Children are such precious little beings aren’t they?. They add that special something to our lives and of course we love them with all our hearts. But when they start to complain about wanting everything under the sun, we sometimes can’t imagine what that “something” is.

Here are some tips for parents who are dealing with, or want to avoid, this classic syndrome that can affect children.

Don’t think of it as cute behavior.
Parents easily fall into this trap. When a child is young and they throw a temper tantrum over a toy in the store, we see it as a phase and call it cute. Most parents indulge the child so they won’t die of embarrassment. This is a no-no!

Children learn quickly.
A child that discovers they can get what they want by acting out will do it again and again. “The monster” is born. Setting them on this course makes it harder to break the habit as they age.

Give them an allowance.
Children naturally think that our money is also their money, and to a certain extent they are right. We provide for their well-being by purchasing food and clothing. We pay the mortgage so that they have a roof over their heads. But this doesn’t entitle them to act like we are a genie in a bottle.

An allowance gives kids something they never had before: their own money. A child that understands money will be fascinated. As the money grows from week to week, share with them how saving money allows them to afford toys that they buy themselves.

Watch your spending habits.
Children mimic what they see. If their parents buy everything that they want, the child will likely want to do the same. Include your children in the family budget. Convene a family meeting once a month to discuss the financial picture.

Explaining how saving works in their favor gives kids a head start in the money game. Explaining to kids that parents also have to save for things they want and for family vacations, gives them a better understanding of family finances. Money really doesn’t grow on trees.

Teach a life lesson.
Kids will want things. They learn how to share and not be greedy from you. Teach them the lesson of “less expensive” early on in their lives. When their allowance is small, take your kids to the dollar store for their money-spending excursions.
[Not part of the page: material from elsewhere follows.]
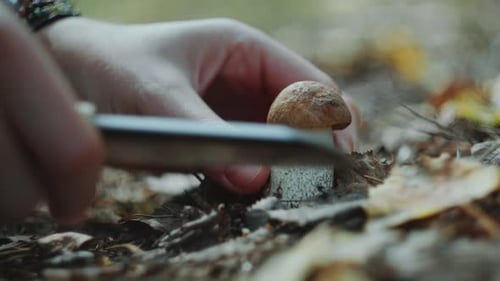 Female Hands Cutting Edible Mushroom with Knife in the Forest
Television commercials prompt kids to ask about the latest doll or a monster truck. Don’t blow them off by saying,”We will see about it later.” Kids will take that as an affirmative answer. Instead, offer the idea of putting that toy on their Christmas or birthday wish list. Even better, encourage them to save and buy it with their own money.

Kids are a blank slate. They believe that they are entitled to whatever they see and want.

You can change this behavior through the tips above.